■ What this task involves: Reproduce the material below only from the line with "Mary Cecilia Crompton" to the line with "Calgary Medium Hard Shell Suitcase in Cream", both included, keeping each line exact and dropping the pictures.

■ Material provided:

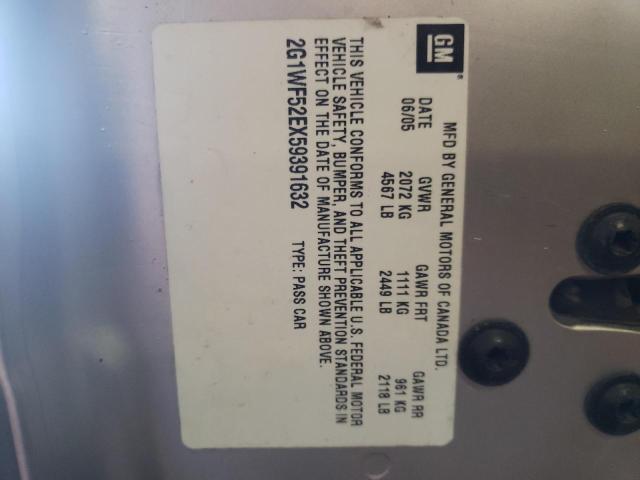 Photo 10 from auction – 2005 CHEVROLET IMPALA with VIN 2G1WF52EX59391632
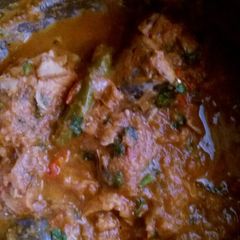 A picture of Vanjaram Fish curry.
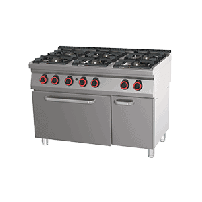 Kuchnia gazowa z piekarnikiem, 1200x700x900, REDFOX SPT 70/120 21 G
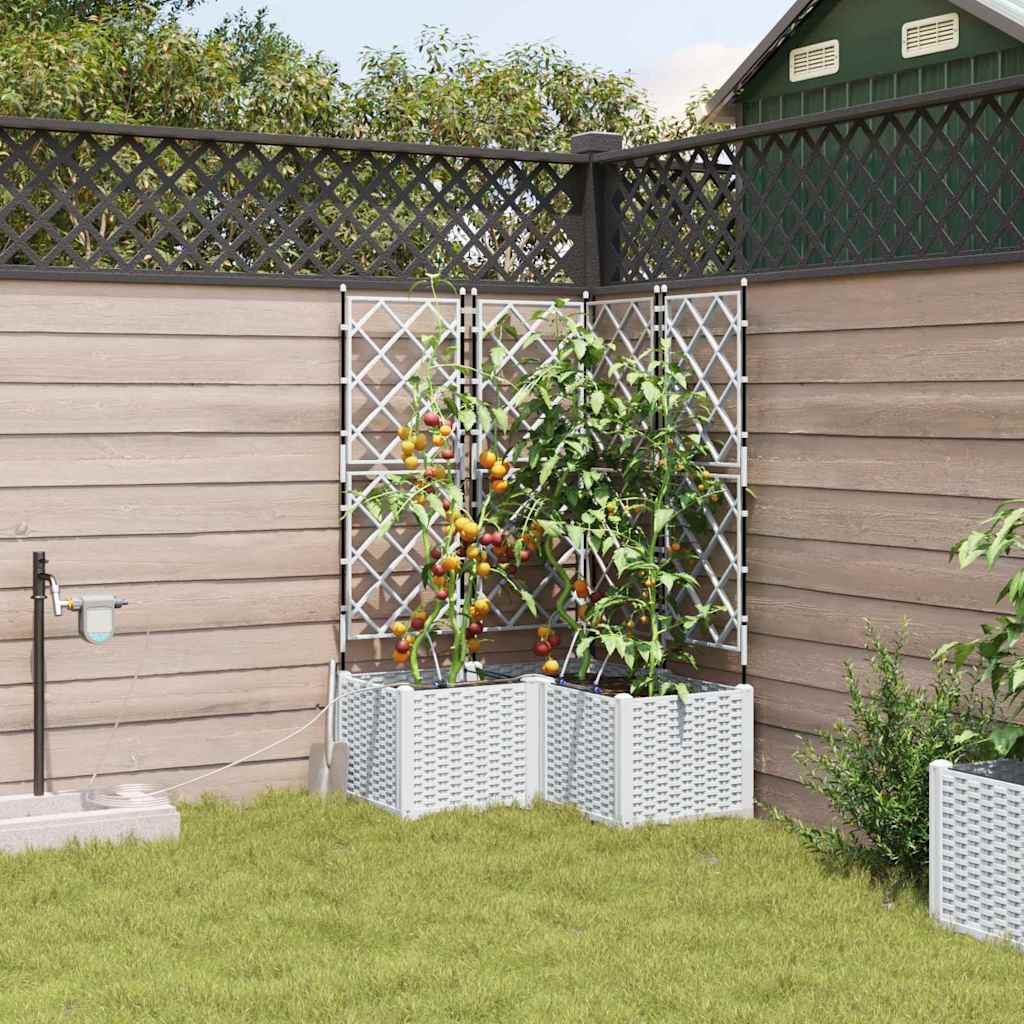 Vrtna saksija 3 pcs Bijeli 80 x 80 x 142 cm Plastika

---

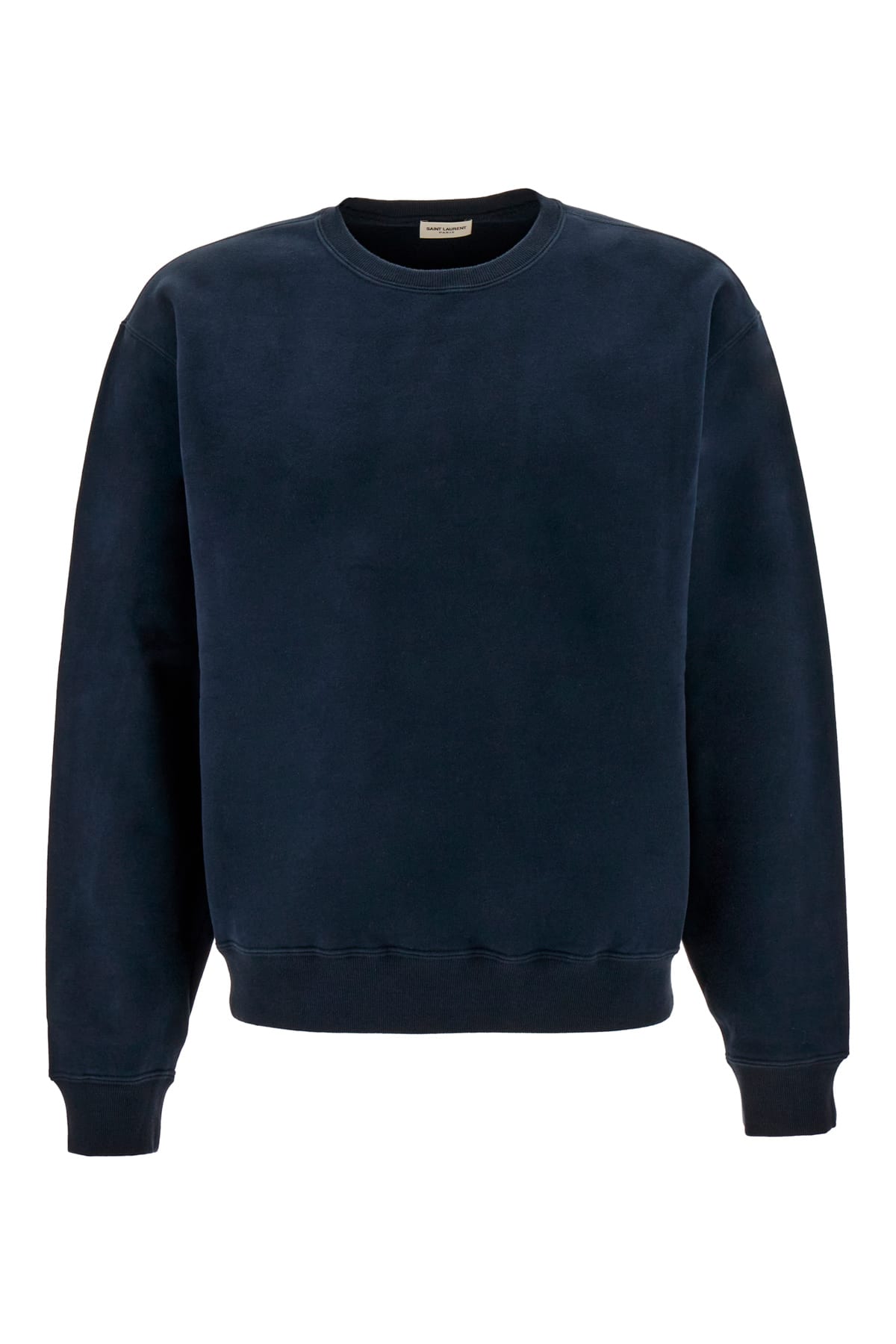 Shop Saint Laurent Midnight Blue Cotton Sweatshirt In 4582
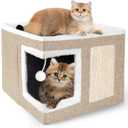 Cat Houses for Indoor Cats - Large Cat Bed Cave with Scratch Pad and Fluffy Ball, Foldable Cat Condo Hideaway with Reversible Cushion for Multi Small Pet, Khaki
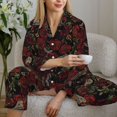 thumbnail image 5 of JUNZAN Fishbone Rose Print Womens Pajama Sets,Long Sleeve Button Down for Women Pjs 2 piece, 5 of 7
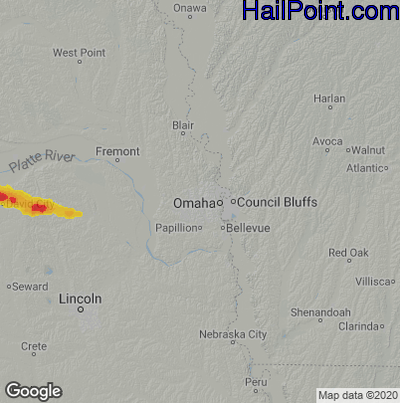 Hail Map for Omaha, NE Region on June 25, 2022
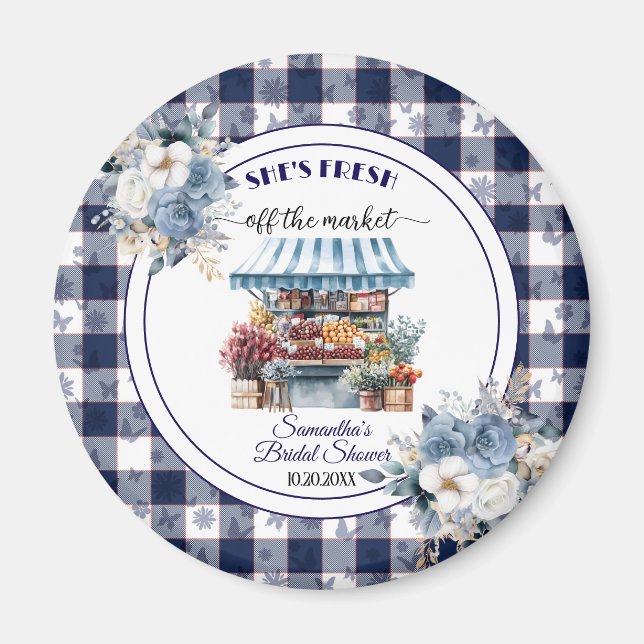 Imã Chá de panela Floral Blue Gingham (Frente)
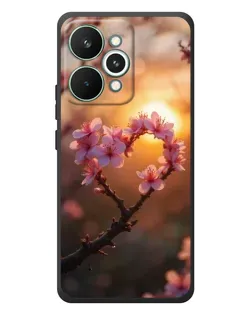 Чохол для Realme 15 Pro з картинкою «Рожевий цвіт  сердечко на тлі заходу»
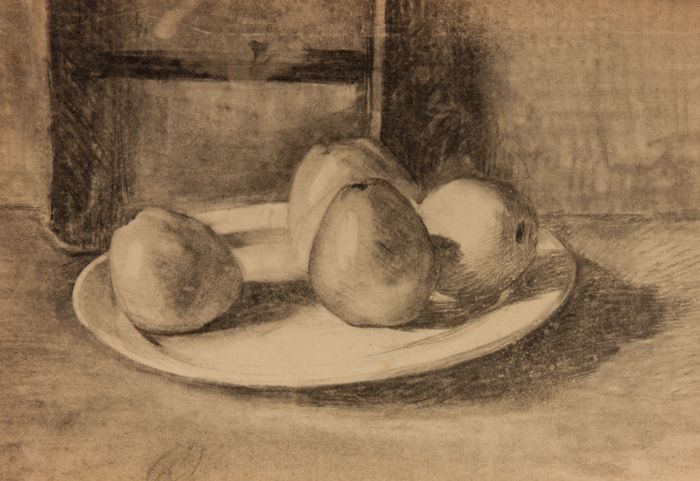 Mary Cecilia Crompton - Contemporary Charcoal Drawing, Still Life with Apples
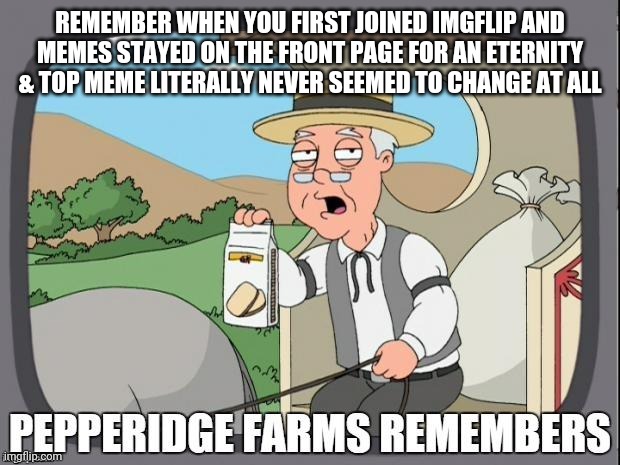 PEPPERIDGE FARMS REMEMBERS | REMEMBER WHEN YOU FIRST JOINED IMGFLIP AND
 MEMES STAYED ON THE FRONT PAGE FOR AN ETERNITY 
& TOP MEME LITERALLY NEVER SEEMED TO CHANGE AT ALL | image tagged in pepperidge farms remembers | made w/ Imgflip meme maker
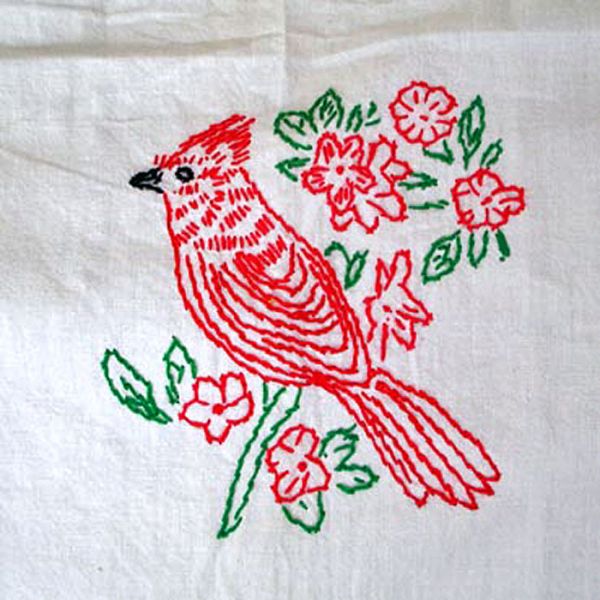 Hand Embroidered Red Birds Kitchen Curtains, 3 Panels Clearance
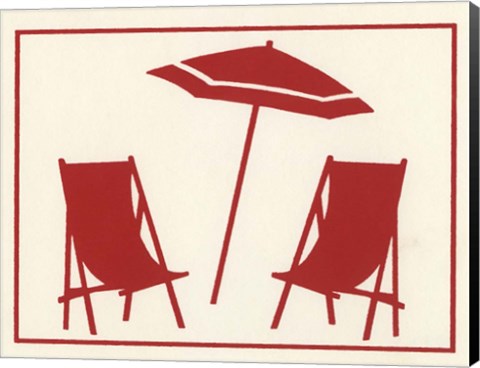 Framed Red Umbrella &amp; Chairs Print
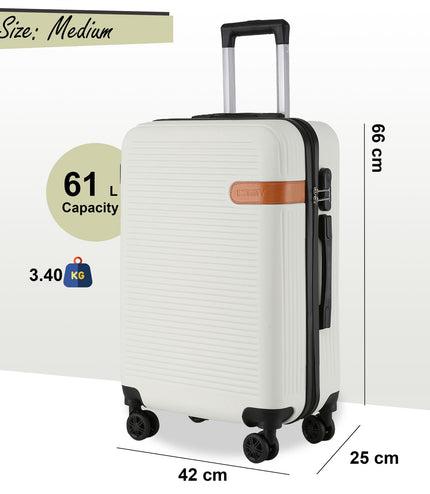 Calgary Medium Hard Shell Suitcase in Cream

■ Result for this exercise:
 Mary Cecilia Crompton - Contemporary Charcoal Drawing, Still Life with Apples
 PEPPERIDGE FARMS REMEMBERS | REMEMBER WHEN YOU FIRST JOINED IMGFLIP AND
 MEMES STAYED ON THE FRONT PAGE FOR AN ETERNITY 
& TOP MEME LITERALLY NEVER SEEMED TO CHANGE AT ALL | image tagged in pepperidge farms remembers | made w/ Imgflip meme maker
 Hand Embroidered Red Birds Kitchen Curtains, 3 Panels Clearance
 Framed Red Umbrella &amp; Chairs Print
 Calgary Medium Hard Shell Suitcase in Cream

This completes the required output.